Presiding Justice Jorgensen and Justice Bowman concurred in the judgment and opinion.
Jesse White, Illinois Secretary of State (Secretary), appeals from the order of the circuit court holding him in indirect civil contempt of court for failing to issue a monitoring device driving permit (MDDP) to Amy Damkroger following her second arrest in a month for driving under the influence (DUI). For the reasons that follow, we reverse.
The facts are undisputed. On June 21, 2009, Damkroger was arrested for DUI in case number 09- DT-361. According to the arresting officer's report, Damkroger submitted to a Breathalyzer test, which registered a 0.144 blood alcohol concentration (BAC). The report further recited that the officer informed Damkroger at the scene that, as a result of her BAC, her driver's license would be suspended effective August 6, 2009, the forty-sixth day following notice of the suspension. On July 2, 2009, the Secretary mailed Damkroger a notice "confirm[ing] that [her] Illinois driver's license or driving permit and [her] privilege to operate a motor vehicle or to obtain a driver's license in Illinois are suspended effective [August 6, 2009]."
On July 17, less than 30 days after her first DUI arrest, Damkroger was arrested a second time for DUI, in case number 09-DT-408. The report for this arrest states that Damkroger submitted to a Breathalyzer, registered a BAC of 0.118, and consequently was informed that her driver's license would be suspended effective September 1.
On July 24, Damkroger filed a "petition *** to rescind the Statutory Summary Suspension heretofore issued in [case number 09-DT-408]." On August 14, the trial court denied the petition to rescind.
On October 1, Damkroger filed a motion in case number 09-DT-408 for issuance of a MDDP. On October 9, the trial court issued an order directing the Secretary to issue Damkroger a MDDP. The order recited the court's finding that Damkroger was "a first offender as defined in [section 11-500 of the Illinois Vehicle Code (Code) (625 ILCS 5/11-500 (West 2008))]." Section 11-500 defines a "first offender" as, inter alia, "any person who has not had a driver's license suspension for violating Section 11-501.1 [(625 ILCS 5/11-501.1 (West 2008))] within 5 years prior to the date of the current offense." 625 ILCS 5/11-500 (West 2008). Section 6-206.1(a)(1) of the Code (625 ILCS 5/6-206.1(a)(1) (West 2008)) provides that a "first offender" is entitled to a MDDP unless, inter alia, the "[t]he offender's driver's license is otherwise invalid."

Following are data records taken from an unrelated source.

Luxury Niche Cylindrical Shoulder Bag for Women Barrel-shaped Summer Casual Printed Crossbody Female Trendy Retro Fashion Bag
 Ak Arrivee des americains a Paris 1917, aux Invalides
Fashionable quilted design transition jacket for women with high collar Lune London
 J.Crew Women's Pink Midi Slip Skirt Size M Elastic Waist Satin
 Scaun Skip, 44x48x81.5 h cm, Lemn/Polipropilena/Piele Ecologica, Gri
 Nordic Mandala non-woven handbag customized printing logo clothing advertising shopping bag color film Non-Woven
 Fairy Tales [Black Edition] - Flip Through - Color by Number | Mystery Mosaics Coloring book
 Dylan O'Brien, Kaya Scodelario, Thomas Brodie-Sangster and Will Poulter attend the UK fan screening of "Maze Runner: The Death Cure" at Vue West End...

On October 19, the Secretary notified the court that he had no authority to issue Damkroger a MDDP, because she was not a "first offender" as defined in section 11-500 of the Code. On November 12, Damkroger filed a petition for a rule to show cause directing the Secretary to state why he should not be held in contempt of court for not issuing the MDDP. Damkroger argued that, because the suspension in case number 09-DT-361 was not yet in effect when she committed the offense charged in case number 09-DT-408, she did not have "a driver's license suspension *** within 5 years prior to the date of the current offense" (625 ILCS 5/11-500 (West 2008)). The trial court issued the rule and directed the Secretary to respond.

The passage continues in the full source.